Ice had started its normal regression from the Gulf of St. Lawrence by early March but a few days of northeasterly winds in mid-March reversed that trend.
“It hit the Gulf pretty hard, he said.
“It essentially took all the ice that was in the Gulf and compacted it into three big piles,” he said of how it pushed the ice against Prince Edward Island’s north shore and some into the eastern and western entrances to the Northumberland Strait. Because the ice was so compressed by the pressure, it has taken longer for it to decompress and move out. He said that’s happening now and cargo ships have been able to make it into port in Summerside and Charlottetown without ice-breaker assistance.
While P.E.I. is now breaking free of winter’s grasp on its own, Hodgson said there still remains several days of ice-breaking operations in northern New Brunswick. Of particular concern are the Acadian Peninsula ports of Shippagan, Caraquet and Lemèque, where many of the region’s crab boats are based.
There was so much pack ice that the hovercraft could not get into port and the 83-meter ice-breaker, the Sir William Alexander, had to be called in to conduct four break-outs in Chaleur Bay and Shippagan Bay.
The hovercraft has since taken over and has logged four days in Shippagan Bay and around Shippagan wharf.

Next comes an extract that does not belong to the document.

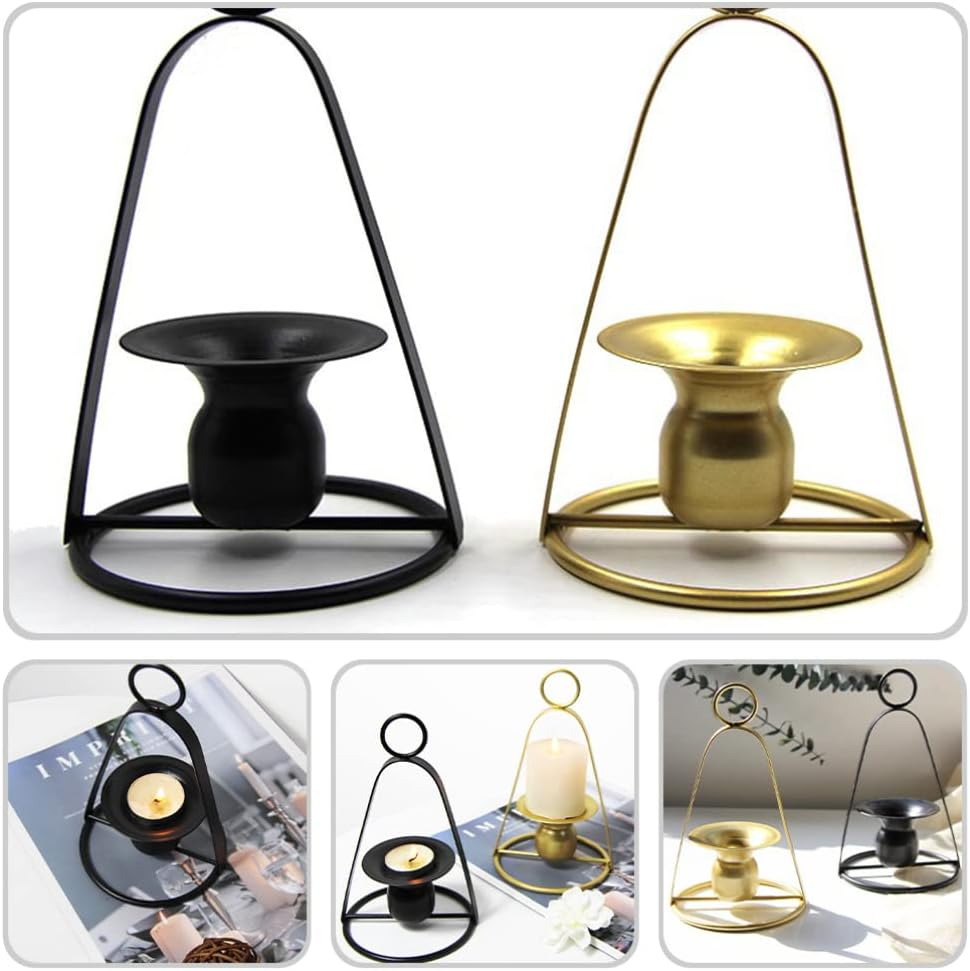 Operitacx Portable Candle Holder Metal Candlestick Holder Tall Candlesticks Hanging Candle Holder Short Candlesticks Handheld Candle Stick Holder Table Candles Dining Table Iron Accessories image number 2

Fishermen have started to launch their crab boats but shore-fast ice is still denying them access to the fishing grounds.
Once the ports are free and the fast ice has moved off, buoys to mark the channels will still have to be placed before the crab fishery can open, Hodgson acknowledged.
“We don’t really have a set (opening) day. We’re basically working with the weather to go day-by-day,” said Hodgson who acknowledged near gale force wind out of the east on Tuesday has helped clear some of the fast ice.